While his first year seemed promising, he fell into a slump after his first season and lost his starting job. His playing time and role on the team were severely diminished over the course of the past two years.

It looks like that’s all about to change in his senior season.

Head Coach Willie Taggart has praised his effort this spring and said Forrest is “the Jamal of the old.”

“He’s back to feeling like he can play and being the man, and he’s making plays every single day, and that’s what’s good to see,” Taggart said on Wednesday.

Forrest, a Miami native, said “development problems” have kept him off the field for the most part during the last two seasons.

He said being one season away from the end of his college football career has motivated him to step up during practice.

“It’s my senior year, so I’m trying to leave it on the field,” he said. “I don’t want any regrets, and I don’t want to look back and say, ‘I didn’t leave it all on the field.’”

Forrest was an afterthought last season on a secondary that was rated as one of the best in the Sun Belt. He saw action in just three games in WKU’s first winning season since 2007.
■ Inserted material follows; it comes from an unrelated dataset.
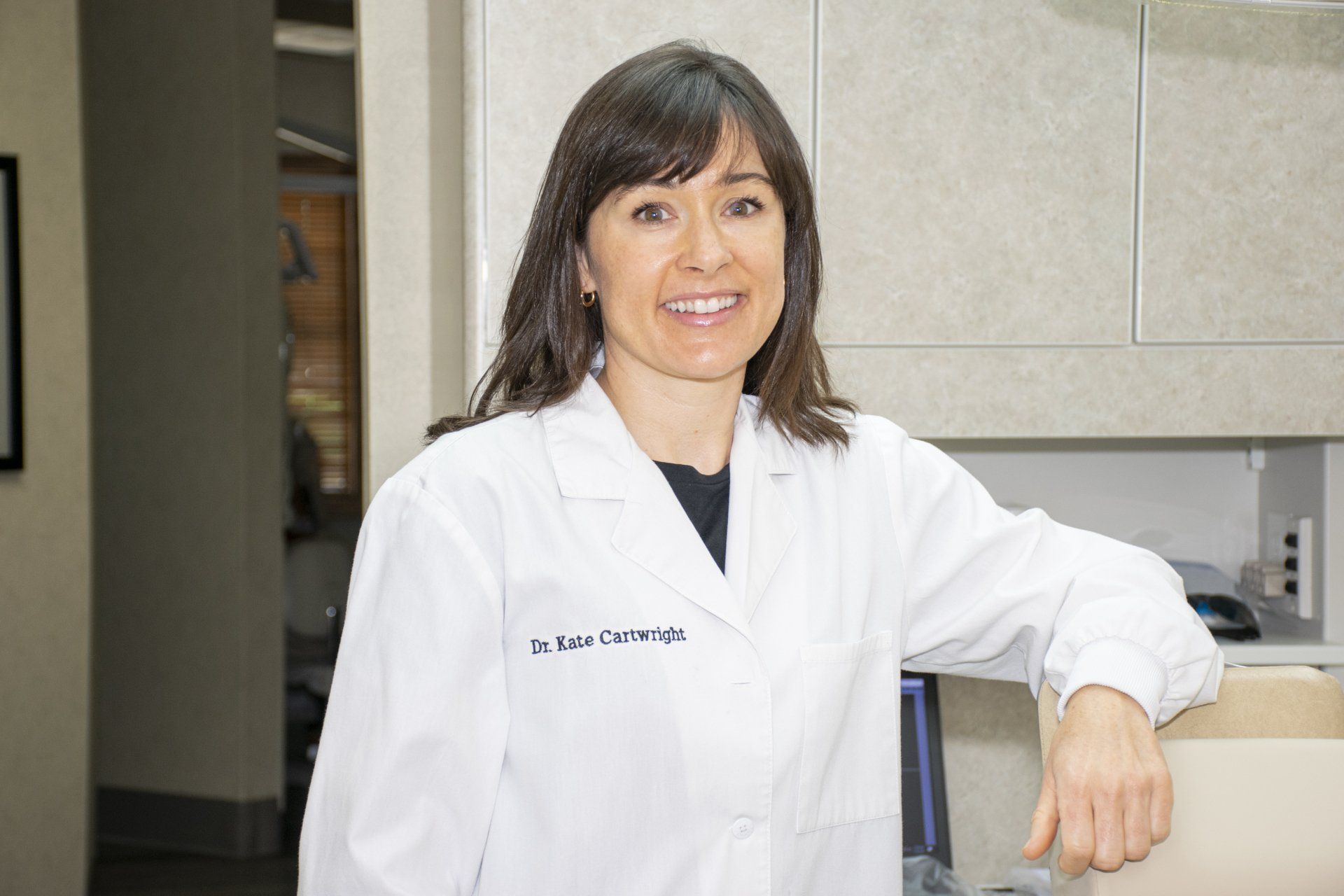 Woman in white lab coat smiles, leaning on a counter in an office.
Taggart said a discouraged Forrest came to him at one point for advice on getting back into the team’s defensive rotation.

“He came up and said, ‘Coach, what do I have to do to get my job back?’ ‘Same thing that guy did to take your job,’” he said.

That conversation helped turn Forrest’s career at WKU around. He’s been a playmaker for the Toppers during their first 10 spring practices.

The starting job at cornerback is competitive this season. There are currently 12 defensive backs on WKU’s roster, and a few more junior college recruits are expected to join the team by fall.

Forrest said competition at practice has motivated not just him, but everyone on the squad.

“There’s competition every day,” he said. “It’s constantly competitive — every day, every play. There’s just competition everywhere. It’s a competition drinking water.”

Taggart said right now, the starting job is Forrest’s to lose.

“He came out with the mindset, ‘I’m going to have the best spring I can have, and I’m going to take somebody’s job,’ and right now he’s done that,”  Taggart said. “We’re feeling good about what he’s doing.”

Forrest said the energy at spring practice has been helped by how WKU ended its 2011 season, winning seven of its last eight but being denied a bowl berth. Forrest said this is the most motivated he’s ever seen the Toppers at spring practice.

“We’ve got more energy,” he said. “You can feel the energy in practice. It’s just looking way better.”

Taggart said Forrest is a great example of how anyone can become a playmaker for WKU, no matter where they sit on the depth chart.

“Every single day he’s making plays,” Taggart said. “Every single day he’s coming out ready to practice, and when guys do that, they make things happen.”